By that time Morey’s small enterprise had grown into a business that supported several full-time employees. Jim Faivre was handling production with the help of Jim Floyd. Craig Libuse had been working on Morey Boogie advertising since 1973. Rick Lawrence was doing sales, and two local teenagers, Bobby Szabad and Rick Broderson, quit their jobs at the Oceanside drive-in, also in ’73, to work on Morey’s production line. Louise Hoolihan was Morey’s secretary. And Patti Serrano came on in January ’77 to handle promotions.

“They way I met Bobby is interesting,” says Morey. “Bobby had called my home to see why he hadn’t received the board he ordered. I quickly made a board and, since he lived nearby, I drove it over to him. His mother was a good-spirited Hawai’ian and he was a good guy, so we hit it off immediately. A short while later I approached him as he was getting out of the water and asked him to work for me. He started on the production line and eventually worked up into a sales position.” This was typical of Morey’s business practice and philosophy. He would bring in people who had an interest in a particular field, but no formal training, and help them develop their skills.

“It was a wild time,” says Libuse, “I was the only non-Bahai employee in the upper echelons of the company. It was a very tight religious group. Tom was the local Bahai leader; he would moderate their fireside chats — which is what they call their services. The model numbers he gave his boards were taken from the Bahai calendar for the year they were manufactured. His first model in 1971 was labeled with the Bahai year of 121, and he changed it each year on the first day of spring.”

After a period of record growth, a cash flow crunch paralyzed the company in late ’77 and early ’78. “We couldn’t pay for the growth that the company needed,” says Libuse. “The company would try to get a bank loan, but when the bank officers would come down to the factory, they wouldn’t see a booming business; they’d see a group of long-haired teenagers huddled around a contraption made out of two-by-fours, bent nails and knives. They wouldn’t take us seriously. The company had orders it
just couldn’t fill. All the pay was needed just to fill the next order. We were growing too fast. I remember it was always a race to get to the bank to cash your check when you were paid, because if you waited, chances were your check would bounce.”

In addition to the cash crunch, the partnership between Faivre and Morey was beginning to wear thin. “Faivre now controlled half the company,” says Morey. “After he paid for his third of the company, he decided he wanted more control. There was a ton of love and good fellowship that existed between us, and his contribution to the Boogie as we know it was immense. A good part of why we made it was because he was a true, dedicated believer who taught me much, especially how to do it now instead of later. But our business arrangement wasn’t equitable. So we had some offers from outside companies, and the Kransco offer looked the best, so we took it.
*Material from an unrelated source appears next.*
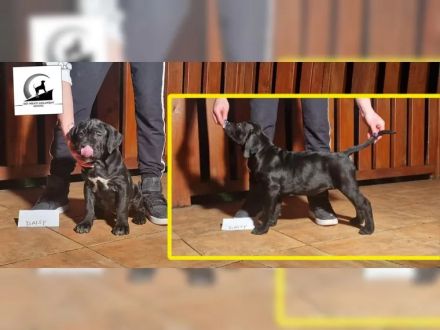 Tiefschwarze cane corso Welpen mit Champion Herkunft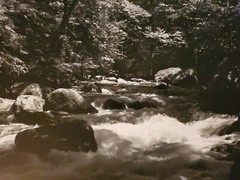 BABBLING BROOK ORIGINAL SIGNED ART PHOTO B&W STETTNER VTG MATTE NJ CAMERA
It was time to get out.”

The change was hard both financially and emotionally for Morey. He had moved back to Hawai’i but was still trying to play a roll in the company. “I have a particular genius, and when my ideas are hot, very often I’m the only person who can see it,” says Morey. “You can’t convince a manager that doesn’t have this skill that your idea has got to be a particular way.”

Does Morey have any regrets? “Well, if I had to do it all over again, I probably wouldn’t go into the Boogie business. I would probably just stay with my basic talent as a jazz drummer. I would build an entirely different kind of drum set with fiberglass shapes and different kinds of cat skins. And when you hit the drums, they would light up in different colors. Yea…that would have been something….”

Morey’s voice trails off into wistful dreaming — the kind of dreaming that is capable of affecting the lives of millions of people throughout the world.